5 ways retail marketers can be disruptive in the digital age

IBM’s head of global industry marketing reveals the digital challenges and opportunities retailers face in maintaining a competitive edge.

IBM’s director, distribution sector, of global industry marketing, Patricia Waldron, discusses key marketing strategies successful retailers are deploying
IBM’s director, distribution sector, of global industry marketing, Patricia Waldron, discusses key marketing strategies successful retailers are deploying

The retail space has gone through significant digital disruption over the past few years, making competition to stand out from the crowd fiercer than ever before.

IBM’s director, distribution sector, of global industry marketing, Patricia Waldron, said for retailers it is both an exciting and challenging time.
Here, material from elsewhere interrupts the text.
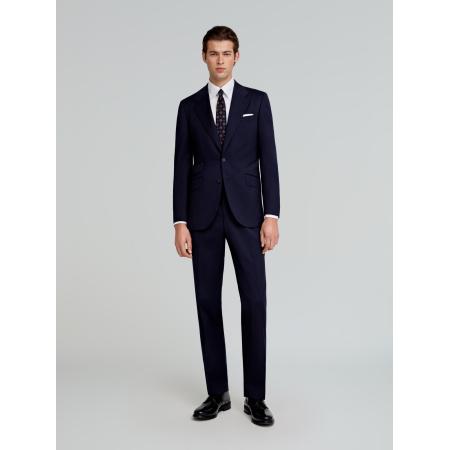 ScalperS Scalpers Pak Liso navy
“One of the great things about the retail space is the ability to make a difference for your customers every day,” she told CMO. “Now some people love that challenge and are the ones that are successful because they are embracing change.”

So how can retail organisations better utilise digital for a new competitive edge? Here are Waldron’s five tips.

1. Embrace the cognitive era

For Waldron, the age of new cognitive technologies such as those offered by IBM are enabling retailers to solve some of their customers’ key challenges.

“The cognitive era is about taking retailers on a continuum,” she said. “It involves systems that can understand, reason and give you recommendations. But the most exciting thing is that they learn as they go. So as they make decisions for you and you put them into action, they get smarter in real time.”

In order to implement cognitive systems to differentiate your brand in the highly competitive retail space, Waldron highlighted systems that make the most of ‘dark data,’ and that take advantage of new insights from different sources of data.

“This includes anything from videos and images to weather sensors,” she explained. “Putting all this information into cognitive systems, you have access to things like social information, news, local events and weather. In the retail space, what these all do is help you understand and anticipate longer term trends, while also helping retailers make everyday decisions more accurately and in real time.”

2. New technology breeds new habits

Data, devices, people and processes are becoming more and more intertwined.

“From the millennial perspective, we’re starting to see their habits become everyone’s habits,” Waldron said. “We’re starting to see people have pocket butlers or a pocket concierge with their phones. And we’re now moving from phones to wearables.”

Whether you’re searching for shoes on your phone, or looking at an app on your wearable, this combination of devices is seeing consumers effectively generating more data that can be put into a cognitive system, which in turn can help retailers personalise customer experiences more effectively, Waldron said.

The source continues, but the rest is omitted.